PyHive unable to fetch logs from HiveServer2 when running in async mode

504 views Asked by At

I am running into a strange issue with PyHive running a Hive query in async mode. Internally, PyHive uses Thrift client to execute the query and to fetch logs (along with execution status). I am unable to fetch the logs of Hive query (map/reduce tasks, etc). cursor.fetch_logs() returns an empty data structure

Here is the code snippet

rom pyhive import hive  # or import hive or import trino
from TCLIService.ttypes import TOperationState

def run():
    cursor = hive.connect(host="10.x.y.z", port='10003', username='xyz', password='xyz', auth='LDAP').cursor()
    cursor.execute("select count(*) from schema1.table1 where date = '2021-03-13' ", async_=True)
    status = cursor.poll(True).operationState
    print(status)
    while status in (TOperationState.INITIALIZED_STATE, TOperationState.RUNNING_STATE):
        logs = cursor.fetch_logs()
        for message in logs:
            print("running ")
            print(message)

        # If needed, an asynchronous query can be cancelled at any time with:
        # cursor.cancel()
        print("running ")
        status = cursor.poll().operationState

    print
    cursor.fetchall()

The cursor is able to get operationState correctly but its unable to fetch the logs. Is there anything on HiveServer2 side that needs to be configured?

Thanks in advance

1

There are 1 answers

0
satish On BEST ANSWER

Closing the loop here in case someone else has same or similar issue with hive.
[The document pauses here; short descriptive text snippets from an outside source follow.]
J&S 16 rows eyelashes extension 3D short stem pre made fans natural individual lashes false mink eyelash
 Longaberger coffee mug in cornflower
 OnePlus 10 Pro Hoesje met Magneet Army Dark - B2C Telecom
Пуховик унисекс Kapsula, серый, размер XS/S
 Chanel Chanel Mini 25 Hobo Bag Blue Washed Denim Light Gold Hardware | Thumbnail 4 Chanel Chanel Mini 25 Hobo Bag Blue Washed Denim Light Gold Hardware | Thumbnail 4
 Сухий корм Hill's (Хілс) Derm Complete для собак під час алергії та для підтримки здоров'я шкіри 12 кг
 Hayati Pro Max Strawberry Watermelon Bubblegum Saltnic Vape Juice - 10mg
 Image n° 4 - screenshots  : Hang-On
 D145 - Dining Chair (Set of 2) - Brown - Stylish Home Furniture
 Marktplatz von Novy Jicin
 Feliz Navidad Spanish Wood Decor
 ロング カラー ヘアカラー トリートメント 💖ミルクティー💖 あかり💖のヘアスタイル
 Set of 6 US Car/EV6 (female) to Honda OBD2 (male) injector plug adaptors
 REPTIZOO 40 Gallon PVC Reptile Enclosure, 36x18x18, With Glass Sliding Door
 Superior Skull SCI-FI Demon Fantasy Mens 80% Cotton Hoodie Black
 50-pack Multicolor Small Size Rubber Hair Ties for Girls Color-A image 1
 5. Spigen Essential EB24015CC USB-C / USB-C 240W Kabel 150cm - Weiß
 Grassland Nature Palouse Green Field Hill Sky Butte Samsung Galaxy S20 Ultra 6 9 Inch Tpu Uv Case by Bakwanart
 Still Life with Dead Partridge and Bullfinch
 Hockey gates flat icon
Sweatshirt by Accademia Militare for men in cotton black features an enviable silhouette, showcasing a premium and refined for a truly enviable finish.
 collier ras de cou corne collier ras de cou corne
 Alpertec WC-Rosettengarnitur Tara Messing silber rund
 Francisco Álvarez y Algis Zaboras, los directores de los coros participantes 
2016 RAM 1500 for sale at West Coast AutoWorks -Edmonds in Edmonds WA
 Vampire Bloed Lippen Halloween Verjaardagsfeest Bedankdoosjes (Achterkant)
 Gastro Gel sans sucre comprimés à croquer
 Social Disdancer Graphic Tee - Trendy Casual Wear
In my case the problem was the hiveserver configuration. Hive Server won't stream the logs if logging operation is not enabled. Following is the list I configured

hive.server2.logging.operation.enabled - true

hive.server2.logging.operation.level EXECUTION (basic logging - There are other values that increases the logging level)

hive.async.log.enabled false

hive.server2.logging.operation.log.location